Records to process:

++++

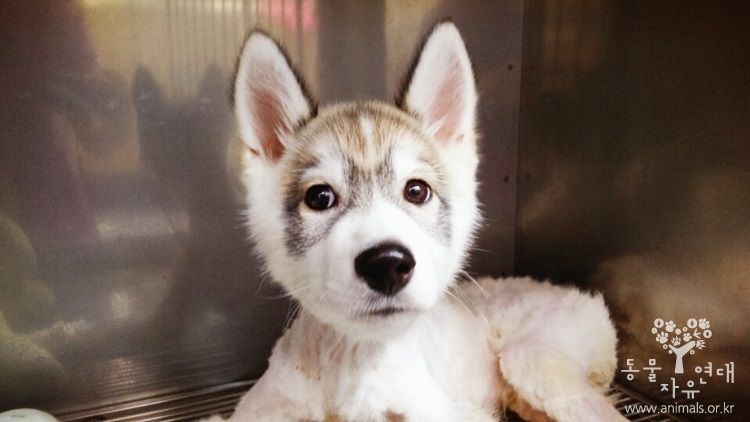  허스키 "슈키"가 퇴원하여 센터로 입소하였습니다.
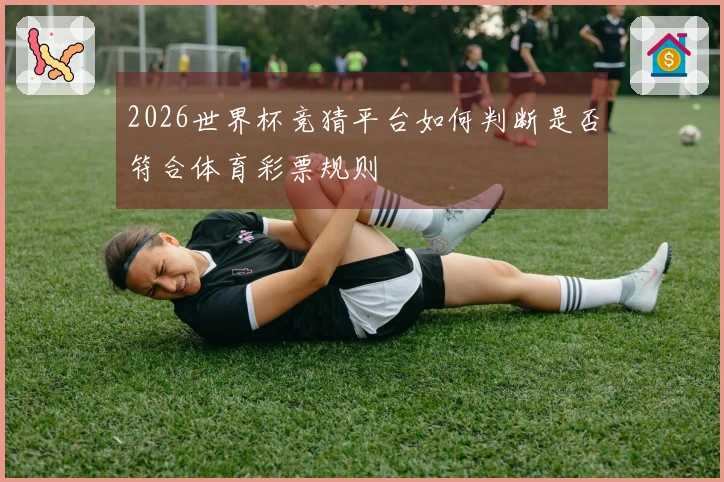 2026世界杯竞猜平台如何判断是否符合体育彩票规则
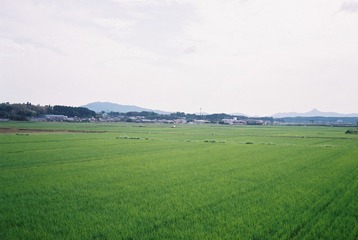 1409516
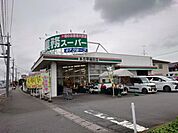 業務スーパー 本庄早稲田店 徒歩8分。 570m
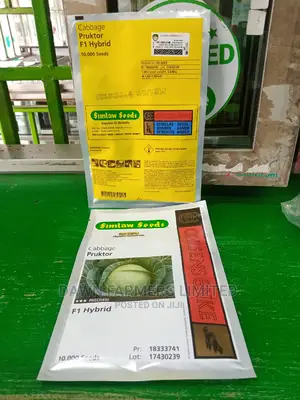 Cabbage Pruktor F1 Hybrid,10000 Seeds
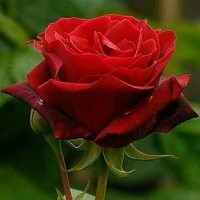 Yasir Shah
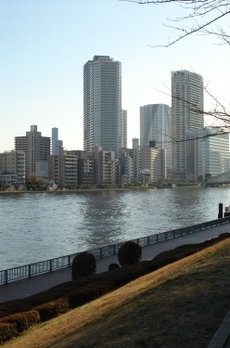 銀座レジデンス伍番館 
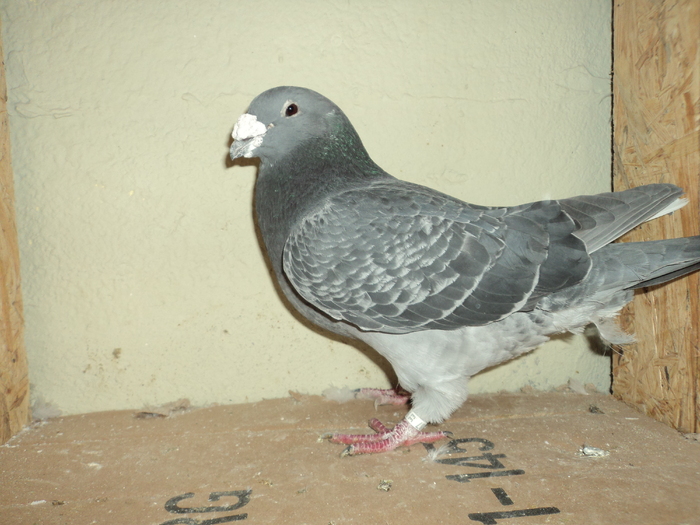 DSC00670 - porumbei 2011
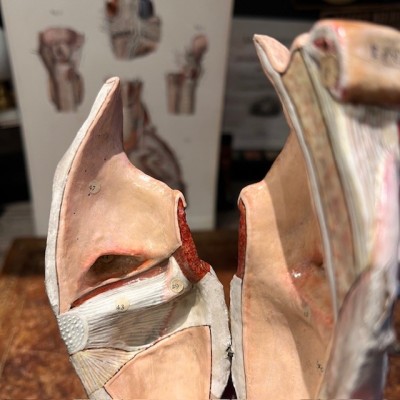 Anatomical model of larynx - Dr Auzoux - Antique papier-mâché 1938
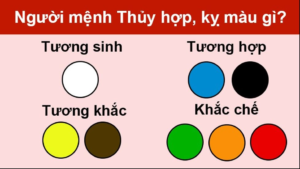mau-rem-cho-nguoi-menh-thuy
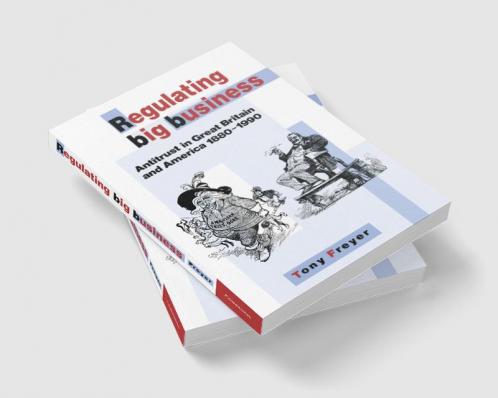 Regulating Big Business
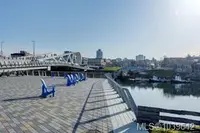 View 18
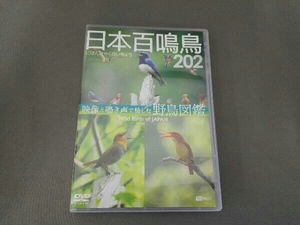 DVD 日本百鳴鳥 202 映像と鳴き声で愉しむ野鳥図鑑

++++

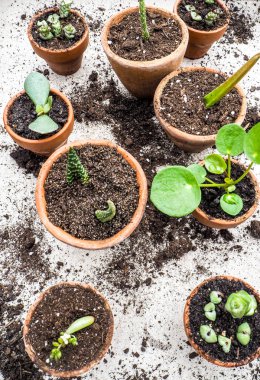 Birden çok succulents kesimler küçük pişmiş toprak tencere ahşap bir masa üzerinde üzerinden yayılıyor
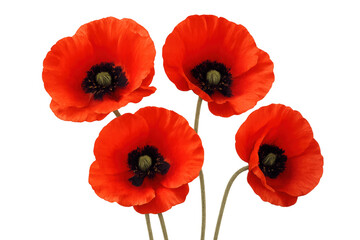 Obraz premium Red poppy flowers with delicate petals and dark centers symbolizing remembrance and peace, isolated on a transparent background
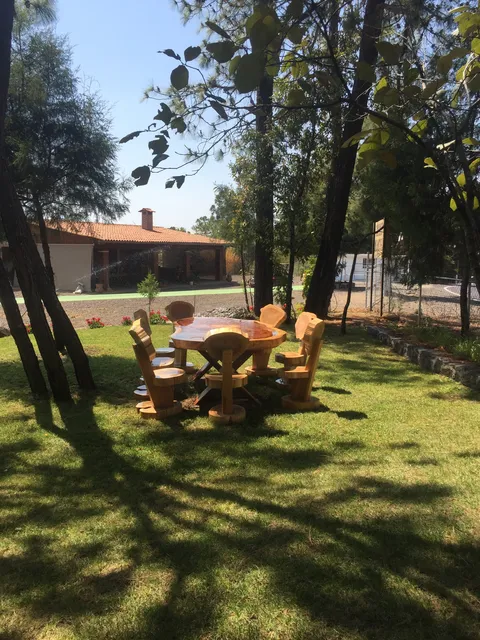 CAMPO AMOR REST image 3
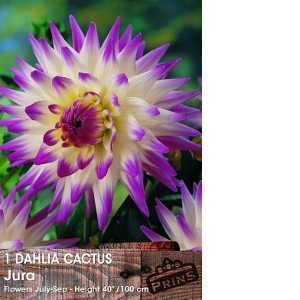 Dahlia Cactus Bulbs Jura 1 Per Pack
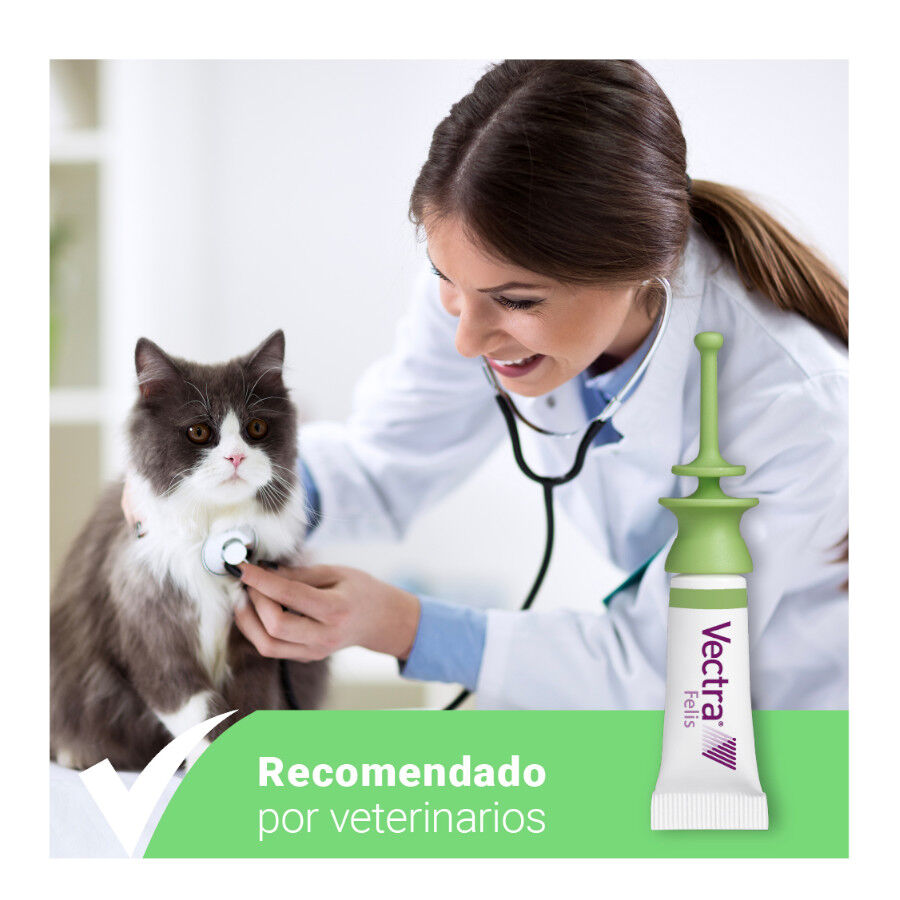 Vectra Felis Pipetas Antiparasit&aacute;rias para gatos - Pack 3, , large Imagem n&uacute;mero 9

++++

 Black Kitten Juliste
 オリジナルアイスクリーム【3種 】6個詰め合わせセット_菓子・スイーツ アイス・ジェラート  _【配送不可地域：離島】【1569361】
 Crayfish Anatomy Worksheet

++++

About this exercise: Above are entries with pictures among them. Write out exactly the lines from the one containing "業務スーパー 本庄早稲田店 徒歩8分。 570m" through the one containing "DVD 日本百鳴鳥 202 映像と鳴き声で愉しむ野鳥図鑑", ends included, and leave those pictures out.

Answer section:
 業務スーパー 本庄早稲田店 徒歩8分。 570m
 Cabbage Pruktor F1 Hybrid,10000 Seeds
 Yasir Shah
 銀座レジデンス伍番館 
 DSC00670 - porumbei 2011
 Anatomical model of larynx - Dr Auzoux - Antique papier-mâché 1938
mau-rem-cho-nguoi-menh-thuy
 Regulating Big Business
 View 18
 DVD 日本百鳴鳥 202 映像と鳴き声で愉しむ野鳥図鑑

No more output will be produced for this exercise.